明るい茶髪、「盾」を看板にしているので、常連さんがほとんど。
もちろん飛び込みも。

「うん、お昼にしようかな。」盾に声を掛け・・
ささっと商売道具をカバンに詰め込み、盾を背負うと・・・声が。
「エフィ!久しぶり!」

モスグリーンの髪のミコッテの女性。
「パニさん!」
「さん、はいらないって。」
「いや。でも・・。」
「エフィらしいね。」
「あの、お仕事、ですか?」
「ああ、それは近いけど。少し違う。やっと戦闘職を終えてきたんだ。」
「わお!おめでとうございます!「教授(プロフェッサー)」ですね!」
「いやあ、実は。内職はまだ少し掛かりそうなんでね。」
「そうなんですか?」
「じっくりやるよ。で、今から昼食?」
「あいにゃ。」
「じゃあ、ボクも一緒に。いいかな?」
「是非。」
二人のミコッテは、近くにある「クイックサンド」に。

「あ。」

「あ!」「あ?」

一人で昼食をとっていた、ミコッテ女史。
三者三様の「あ」だけれども。

グレーの髪の彼女は、ウルダハに進出をしている「アリティア産業」の子会社「アリティア物産」の社長でもある。

それとなく?見つけられた、見つけた、何のこと? が「あ」の中に多種多様に含まれていて。

「まずは・・えふぃ。状況・・・」
「あ。うん。お昼を食べに、だよ。」
「それはわかるよ。」
「ボクのコト?」
「いきなりの核心だね、パニッシュさん。」
「いえいえ、エリス・ローウェル女史。ただ単に友人と食事、久しぶりなんで。」
「えふぃ、そうなの?」
「エリス、何か勘違いしてない?」
「むむむ・・・」

とりあえず相席して、料理を注文する。

「んで?」もぐもぐ。
「・・だよ。」ごっくん。
「そうなん・・だ・・」んぐ!

大皿料理をシェアしながら、ちょっとしたグチも混じってくる。
「そこで!」茶髪のミコッテ。
ん?と訝しげな二人。
「ワタシに名案!」

「ほう?」「なるほど。」

グチもありつつ、おめでとうも言いたい。が、今じゃない。というか。
とりあえず、美味しいモノで〆たい。
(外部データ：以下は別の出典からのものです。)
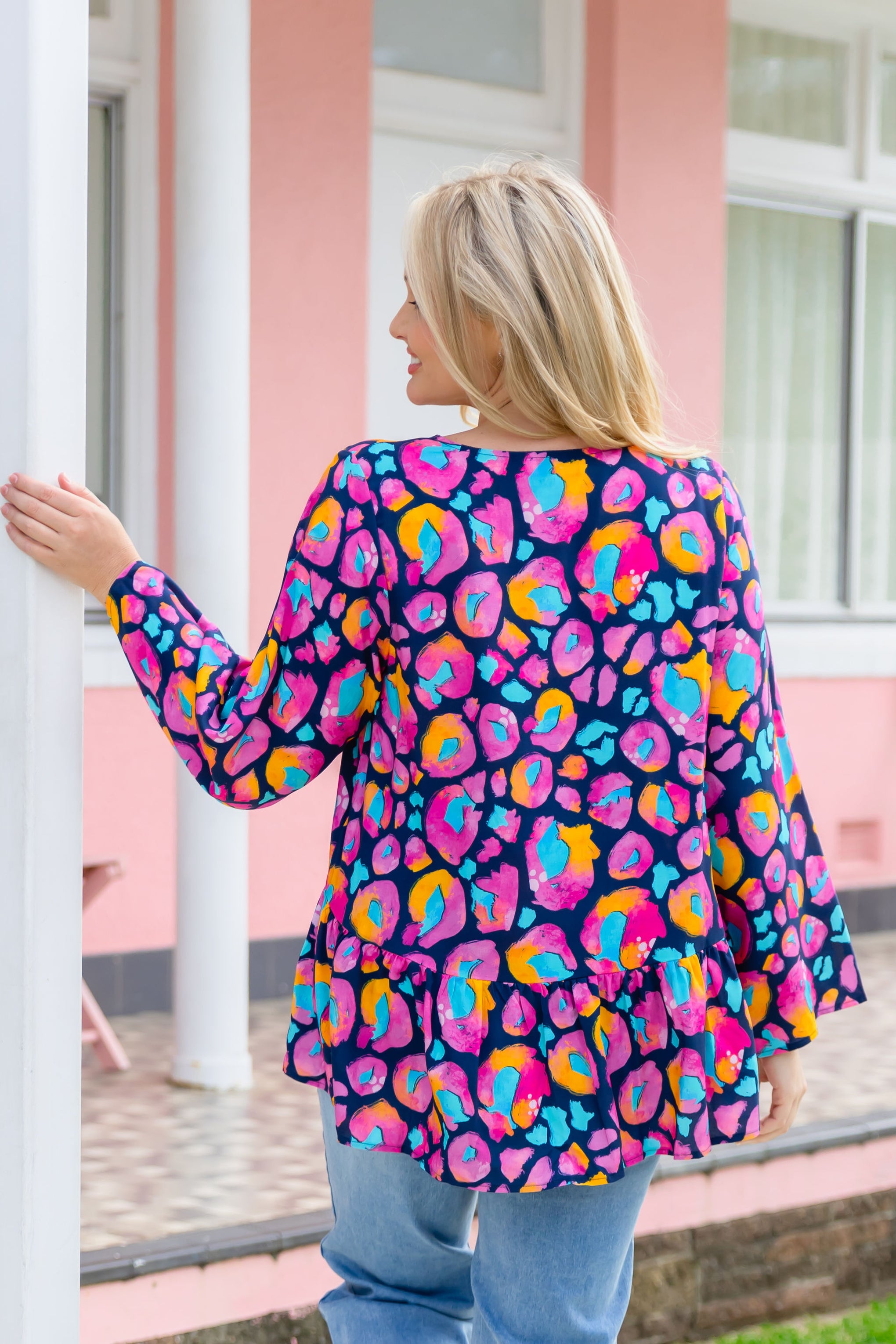 Long Sleeve Peak Top in Magenta Leopard by Kasey Rainbow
で一致。

具体的には。
「知り合いの食通に美味しいお店を紹介、もしくはリピートな作戦」
だそうで。
「そのスジに長けてる人に聞いてみるね!」
取り出したのは・・・チョコレートブラウンのリンクパール。


「あいにゃ?」
突然のパールの光に・・つい、銀髪からの連絡かと思いきや・・
「ショコラさん。あの、そおの。」
「わっちでよければ、情報の売り買いするよ。」
「あ。すみません・・・」
「えふぃたん。OKOK!いいよ。なんでも言って。」
「今夜の食事なんですけど、お祝いもしたいし、グチ?もあるかも?な、カオスなパーティなんですけど。美味しくって、カオスが大丈夫なお店、あります?」

「あるよぉ。」にたり。

これで今夜の食事の選択肢は絞られた。

「海戦食堂」だ。

ショコラは傍らの女給を見ながら。
「ベッキィ?今夜、海戦行くんだけど・・くる?」
「え!?」
「どうかしたの?」
「いえ。少し用事がありまして。夕食はそのへんで済ませます。お気遣い、感謝します。」
「そっか。じゃ、兄様によろしく。」
一瞬、表情が強張りそうになるが、これでも諜報員として(主に殲滅)は、ゆるやかに・・
(時折、お嬢様の観察眼が鋭どすぎる。やはり、葬儀屋と組んでからか。)
「・・・。」無言の会釈で応える。

ベリキート・ラピスラズリには。
主、クォ・シュバルツが絶対で。

この居候も、彼の算段で相成った、とは「家」の主たる葬儀屋ですら知らないかもしれない。

というのも。
彼女が承った仕事が。
今夜「海戦」の偵察。
当主である、クォ様が一人で出向く、という。
なんでですか?と、言いたいが・・
決まった以上、仕方ない。

「お嬢様、この後は?」
「ん~?夕暮れまで、情報収拾。本業を疎かにできないからね。」
「さすがです。では、ワタクシは「家」に戻って掃除を。」
「いやいやいや・・・いいよ?大丈夫。(これ以上惨事が増えれば、帰ってきた葬儀屋がブチ切れを通り越して何をするかわかったものじゃない)」
なにせ、この女給は見てくれだけは女給。で。
本質は・・・

「わかりました。大人しくしています。」
「あ、いやいやいや・・・、・・・」美味しい露店の情報を伝えておく、ショコラ。


ミコッテ達の宴の始まり、かも。